L’annonce d’éventuelles sanctions a provoqué une onde de choc parmi les observateurs économiques, qui soulignent que l’Algérie ne pourrait compenser facilement cette perte par des partenariats avec d’autres puissances, notamment en raison de son isolement international actuel.

Un isolement sur la scène internationale

Depuis plusieurs années, la diplomatie algérienne multiplie les confrontations sans pour autant obtenir les soutiens escomptés sur la scène internationale. À mesure que les alliances se dessinent autour du soutien au Maroc sur la question du Sahara, Alger se retrouve progressivement isolé. La décision de rappeler son ambassadeur à Paris ainsi que l’annulation de la visite d’État prévue de son président Abdelmadjid Tebboune en France traduisent cette crispation qui, au lieu de renforcer sa position, contribue à marginaliser davantage le régime algérien.

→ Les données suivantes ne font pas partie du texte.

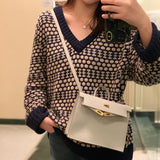 Side view of curated structured handbag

La complexité des relations franco-algériennes réside également dans la profondeur des liens historiques, sociaux et économiques qui unissent les deux pays. Des milliers de ressortissants algériens vivent en France et les élites économiques et militaires algériennes y possèdent des intérêts économiques et immobiliers considérables. Une rupture totale semble donc improbable, car elle serait également synonyme d’un affaiblissement interne du régime. En s’attaquant à la France, Alger prend le risque de voir ces élites se retourner contre elle, les privant de leurs avantages économiques.

Les risques pour la stabilité sociale

L’inflexion du régime algérien face à l’éventualité des sanctions montre bien l’ampleur des risques pour sa propre stabilité. Dans un contexte social déjà tendu, où les mouvements de protestation populaires ont témoigné du mécontentement de la population face à l’immobilisme des dirigeants, toute nouvelle difficulté économique pourrait exacerber les tensions. Avec une jeunesse frappée par le chômage et une inflation galopante, l’Algérie semble de moins en moins en mesure de contenir des frustrations sociales croissantes.

L’acte de défiance envers la France pourrait donc se transformer en un véritable « boomerang » pour le régime d’Alger. Cette tentative de sanction, motivée par un nationalisme de façade, pourrait finalement accentuer la dépendance économique algérienne, tout en creusant davantage l’écart avec les puissances occidentales.